Lagged Exogenous: `lag()`

Create lags of exogenous variables:

# lag(variable, lag1, lag2, ...)
m <- fit(value ~ p(12) + lag(price, 0, 1, 7), data = ts_data, model = lm)
# Creates: price (lag 0 = current), price_lag_1, price_lag_7

Lag 0 includes the current value of the exogenous variable.

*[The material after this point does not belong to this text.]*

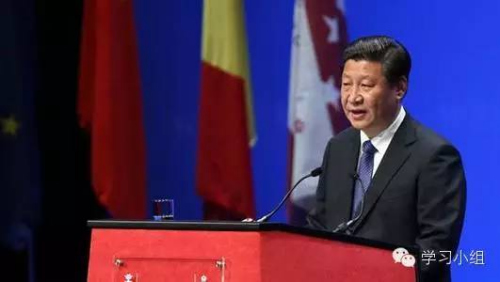 ϰ��ƽ��4�󡰺���������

Moving Average of Exogenous: `ma()`

# ma(variable, window1, window2, ...)
m <- fit(value ~ p(12) + ma(price, 7, 28), data = ts_data, model = lm)
# Creates: price_ma_7, price_ma_28

Combining Exogenous Features

# Full exogenous specification
m <- fit(
  value ~ p(12) + month() +
    price + lag(price, 1, 7) + ma(price, 7) +
    promo,
  data = ts_data,
  model = lm
)

Feature Combinations

Here are recommended feature sets for common scenarios:

Basic Autoregressive

# Simple: just lags
value ~ p(12)

# With moving average
value ~ p(12) + q(12)

Seasonal (Calendar-based)

# Monthly data with yearly seasonality
value ~ p(12) + month()

# Daily data with weekly + yearly
value ~ p(7) + dow() + month()

# Daily with all calendar
value ~ p(7) + dow() + month() + woy() + eom()

Trend + Seasonality

# Linear trend + monthly seasonality
value ~ p(12) + trend(1) + month()

# Quadratic trend (use cautiously)
value ~ p(12) + trend(1, 2) + month()

With Rolling Statistics

# Capture level, volatility, and trend
value ~ p(12) + q(12) + rollsd(12) + rollslope(12)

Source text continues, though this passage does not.